TASK GOAL :: Leaving out every picture, transcribe the lines from the line that contains "NO KINGS Kids Sweatshirt" to the end of the entries below, both ends included.

Captioned web images:
---*---

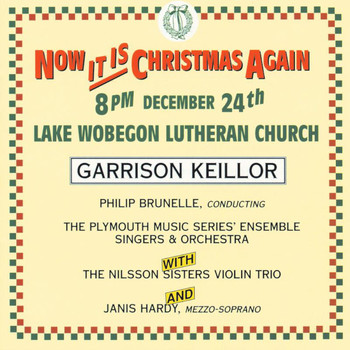 Garrison Keillor - Now It Is Christmas Again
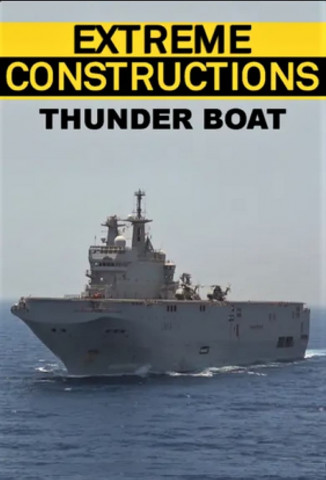 Extreme Constructions: Thunder Boat (2018)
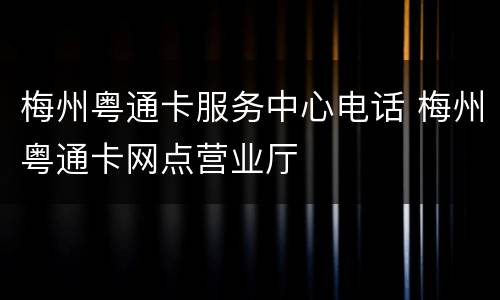 梅州粤通卡服务中心电话 梅州粤通卡网点营业厅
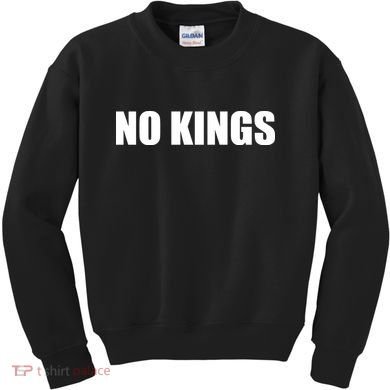 NO KINGS Kids Sweatshirt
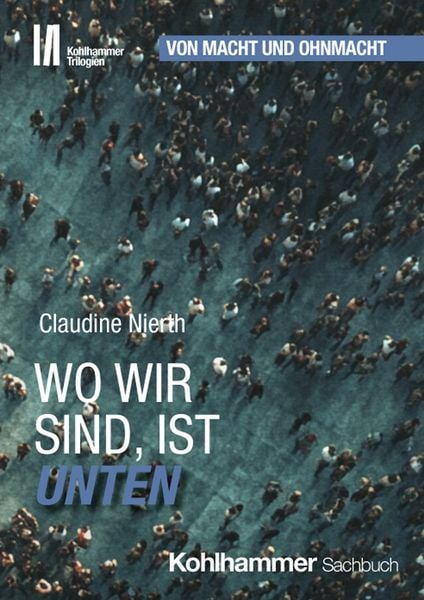 Wo wir sind, ist unten, Gebundene Ausgabe von Claudine Nierth, Kohlhammer, 978-3-17-046303-5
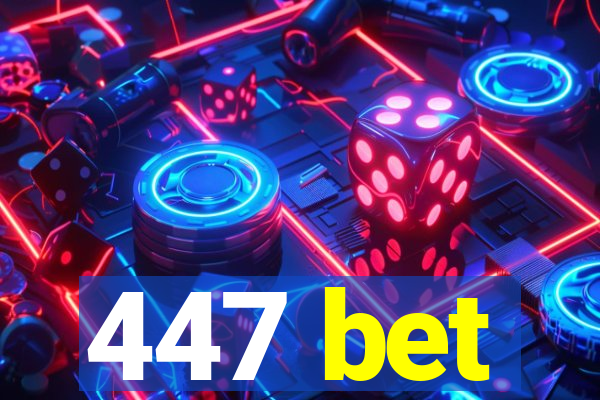 447 bet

---*---

RESPONSE ::
 NO KINGS Kids Sweatshirt
 Wo wir sind, ist unten, Gebundene Ausgabe von Claudine Nierth, Kohlhammer, 978-3-17-046303-5
 447 bet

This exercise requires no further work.